-------- INFORMATION GIVEN --------

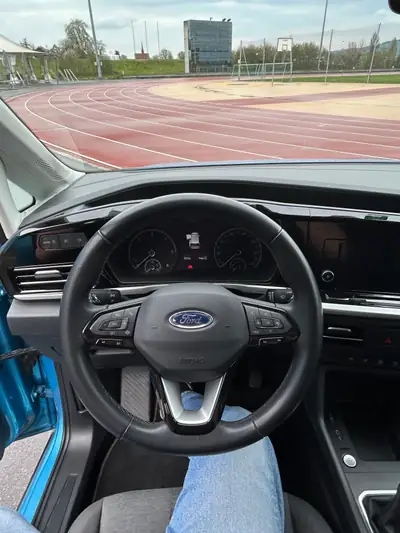 Ford Tourneo Connect 2.0 EcoBlue 102 Active — Monospace polyvalent, diesel efficace — intérieur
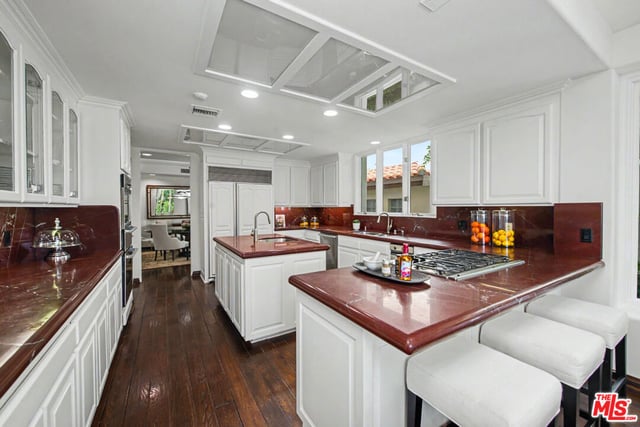 12639 Promontory Road, Los Angeles, CA 90049 — photo 12 of 50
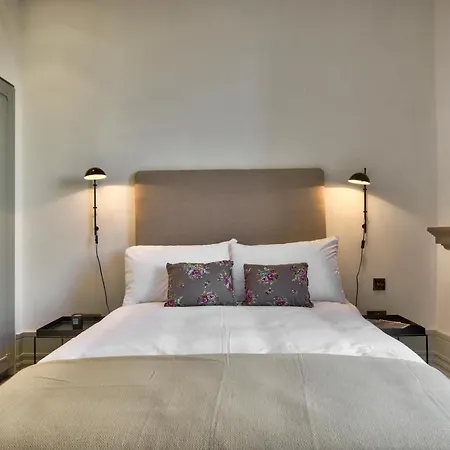 10 Strait Street Apartments-2
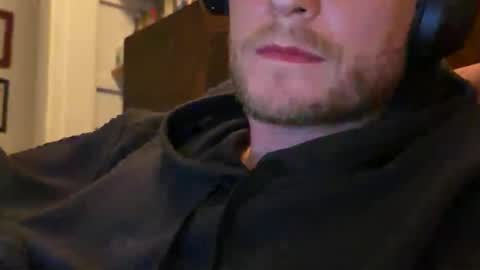 Snapshot of aldalo44 chatting on 3, 7, 2026 just us online show from 3, 7, 2026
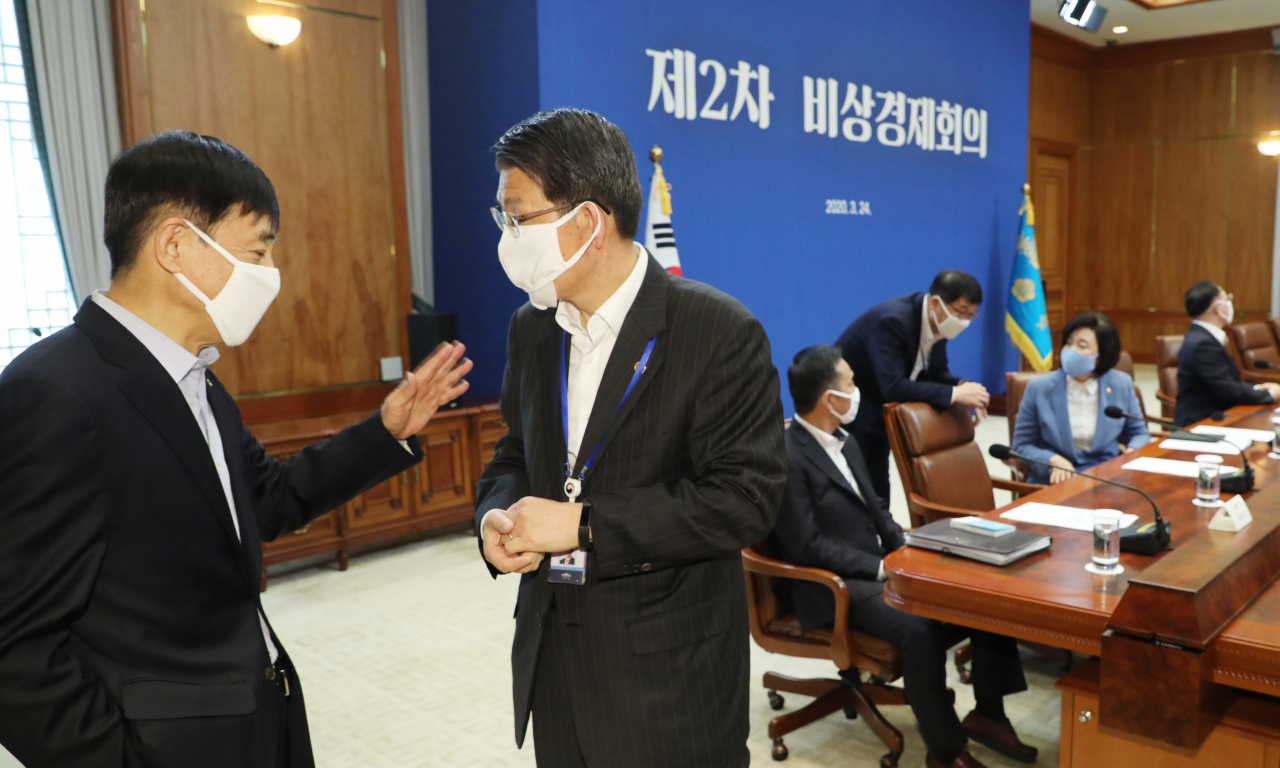 이주열 한국은행 총재(왼쪽)와 은성수 금융위원장이 24일 청와대에서 열린 코로나19 관련 2차 비상경제회의에 참석해 있다. 은 위원장은 이날 오후 정부서울청사에서 브리핑을 열고 금융대책 세부 계획을 발표했다. [연합]
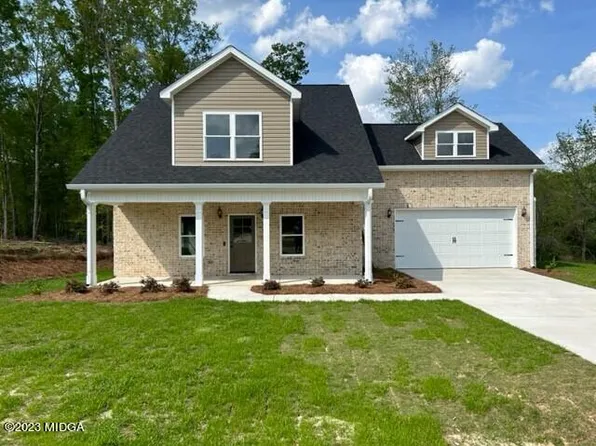 317 Willow Cove Ct, Lizella, GA 31052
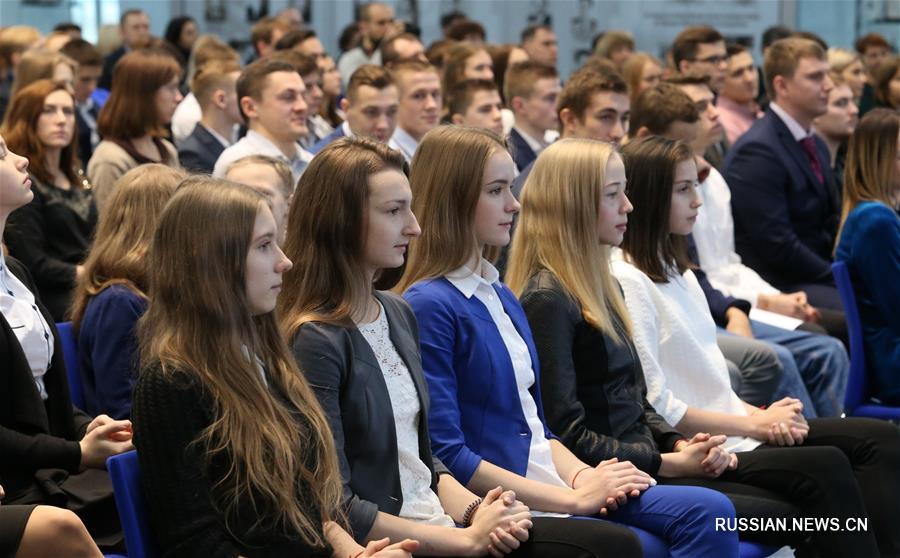Вручение именных свидетельств 245 перспективным спортсменам и тренерам Беларуси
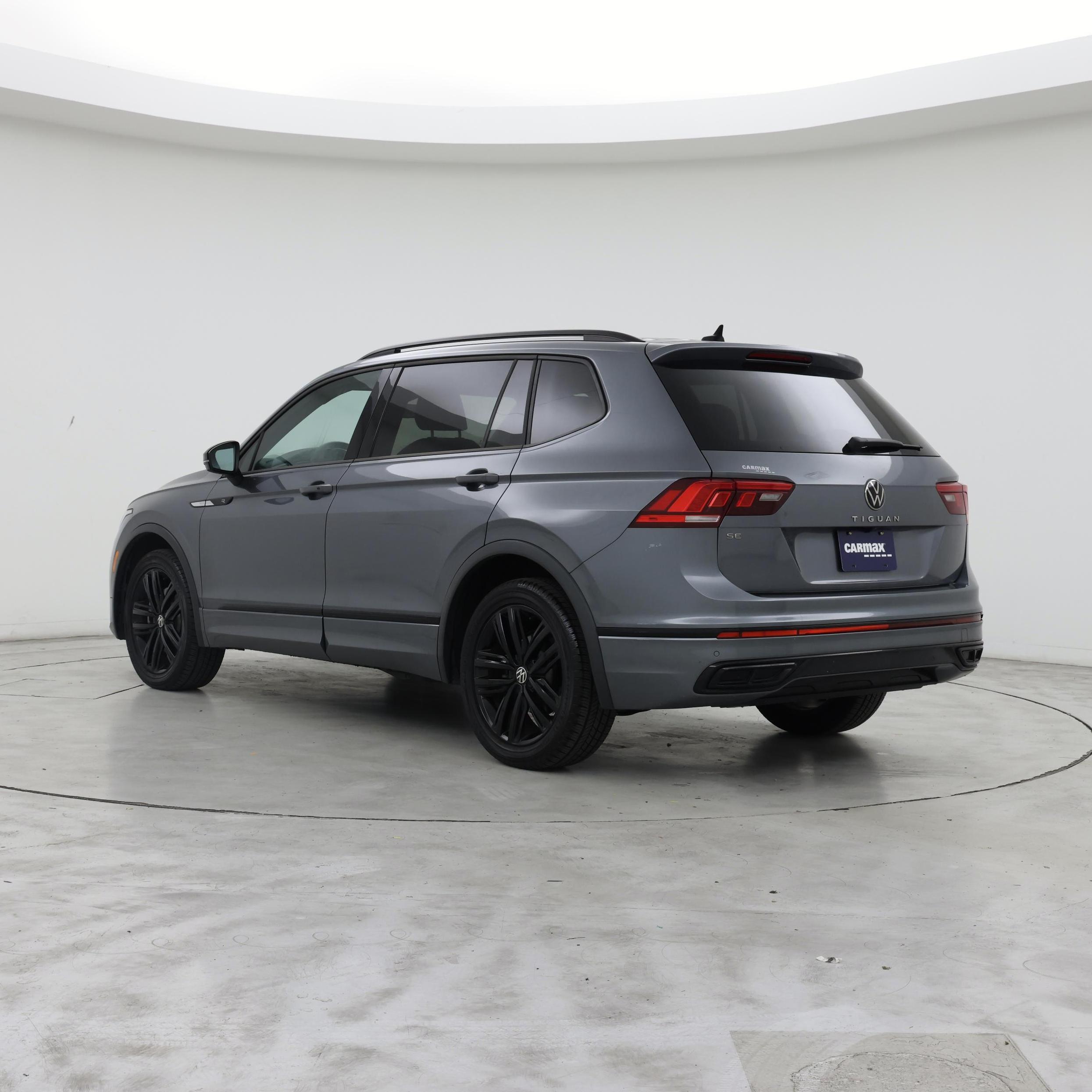 Thumbnail: 2022 Volkswagen Tiguan - 2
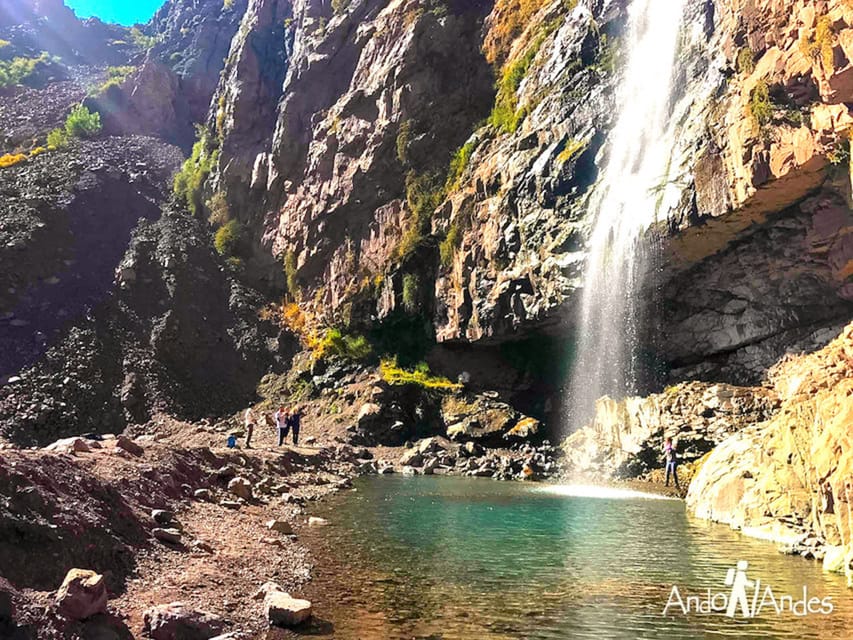 From Santiago: Cajón del Maipo and Volcán San José Hike 8K - A picnic beside the mountains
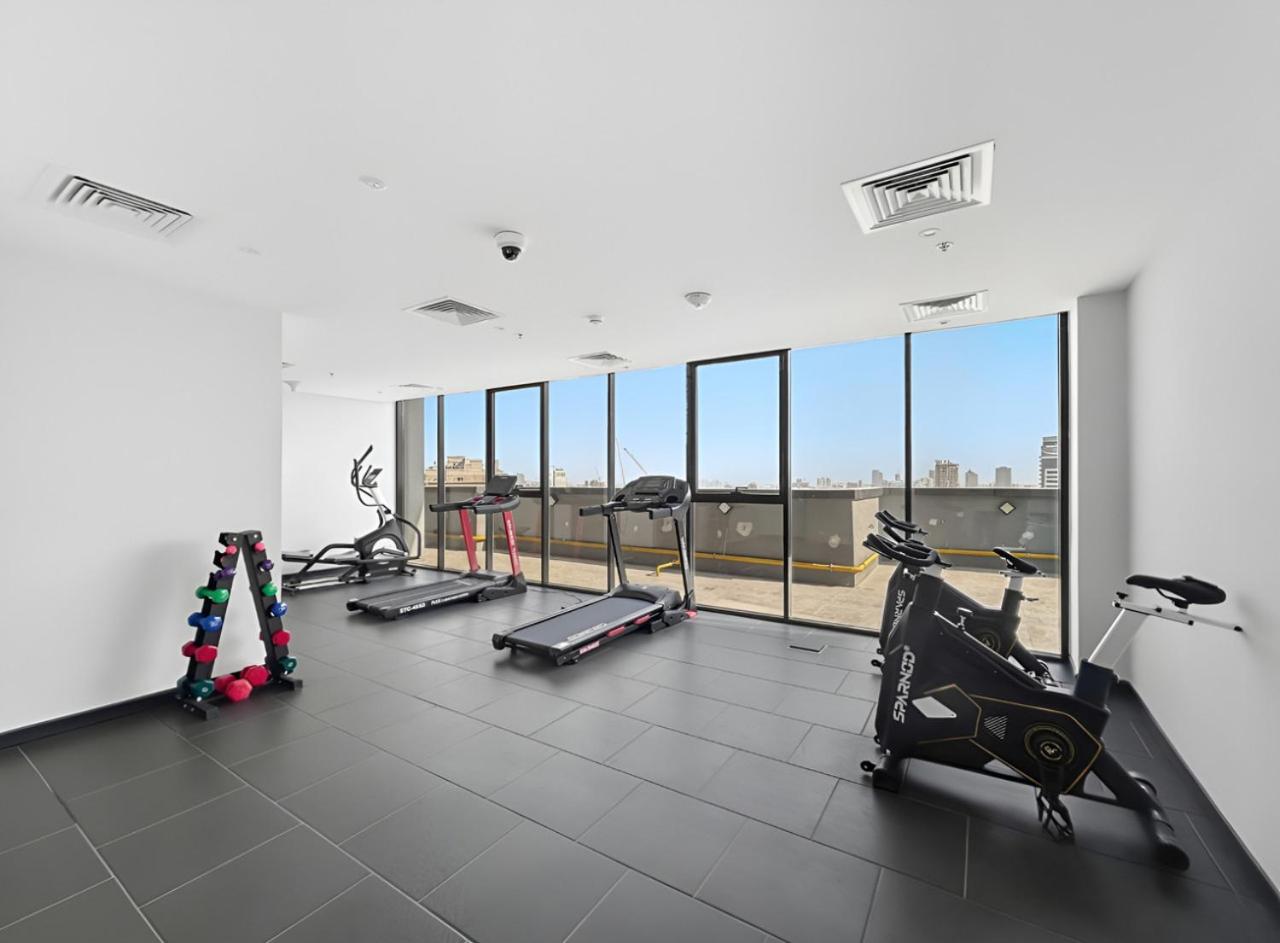 New 1BR with Rooftop Pool and Amazing View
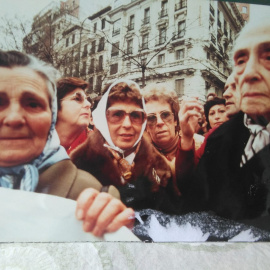 Teo Gallardo, con Dolores Ibárruri, Pasionaria. / ARCHIVO FAMILIAR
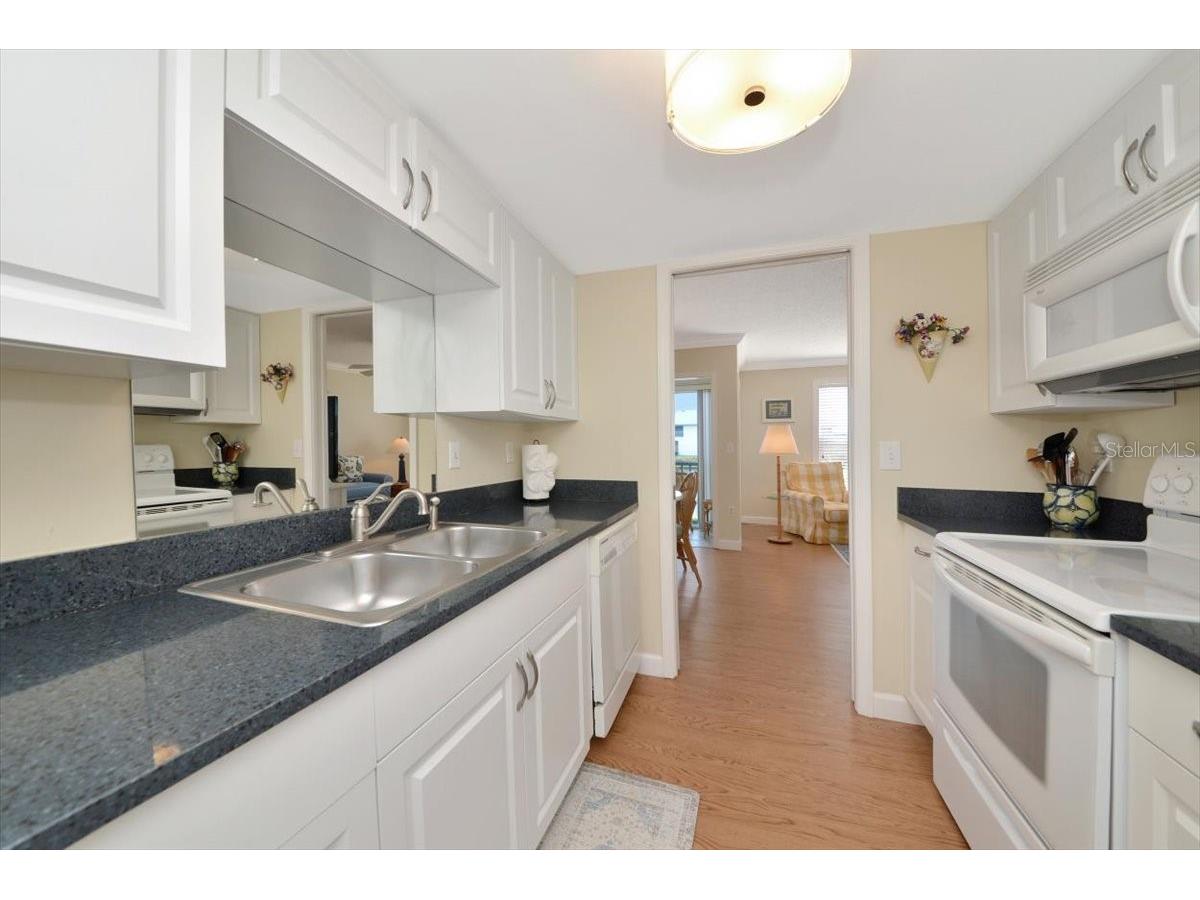 849 Audubon Drive #839 Bradenton FL 34209 A4685282 image13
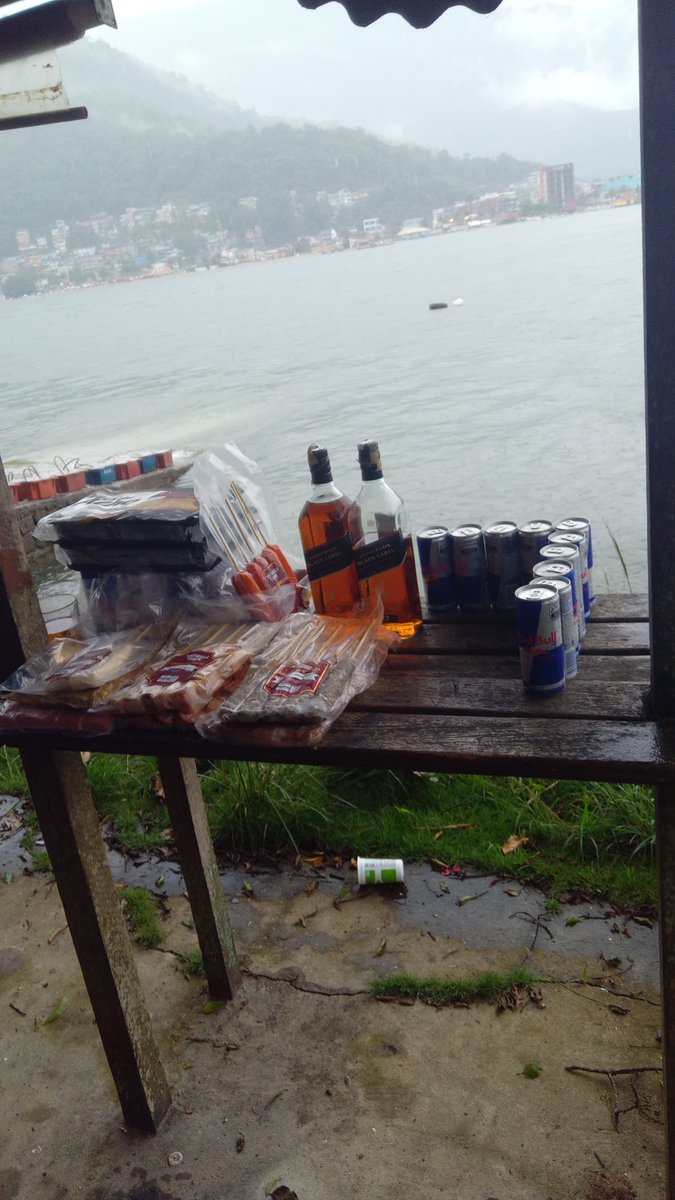 gbcda2's tweet photo. Sextou de que que 🤣✌️ https://t.co/lSdD2ntePe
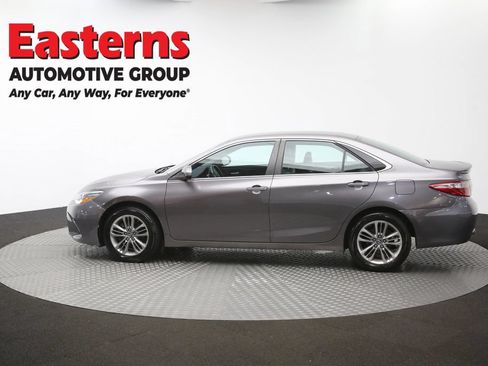 Used 2016 Toyota Camry SE FWD image 60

--------

EXERCISE INSTRUCTIONS ▸
Excluding the pictures, transcribe each entry above word for word.

WRITTEN SOLUTION ▸
 Ford Tourneo Connect 2.0 EcoBlue 102 Active — Monospace polyvalent, diesel efficace — intérieur
 12639 Promontory Road, Los Angeles, CA 90049 — photo 12 of 50
 10 Strait Street Apartments-2
 Snapshot of aldalo44 chatting on 3, 7, 2026 just us online show from 3, 7, 2026
 이주열 한국은행 총재(왼쪽)와 은성수 금융위원장이 24일 청와대에서 열린 코로나19 관련 2차 비상경제회의에 참석해 있다. 은 위원장은 이날 오후 정부서울청사에서 브리핑을 열고 금융대책 세부 계획을 발표했다. [연합]
 317 Willow Cove Ct, Lizella, GA 31052
Вручение именных свидетельств 245 перспективным спортсменам и тренерам Беларуси
 Thumbnail: 2022 Volkswagen Tiguan - 2
 From Santiago: Cajón del Maipo and Volcán San José Hike 8K - A picnic beside the mountains
 New 1BR with Rooftop Pool and Amazing View
 Teo Gallardo, con Dolores Ibárruri, Pasionaria. / ARCHIVO FAMILIAR
 849 Audubon Drive #839 Bradenton FL 34209 A4685282 image13
 gbcda2's tweet photo. Sextou de que que 🤣✌️ https://t.co/lSdD2ntePe
 Used 2016 Toyota Camry SE FWD image 60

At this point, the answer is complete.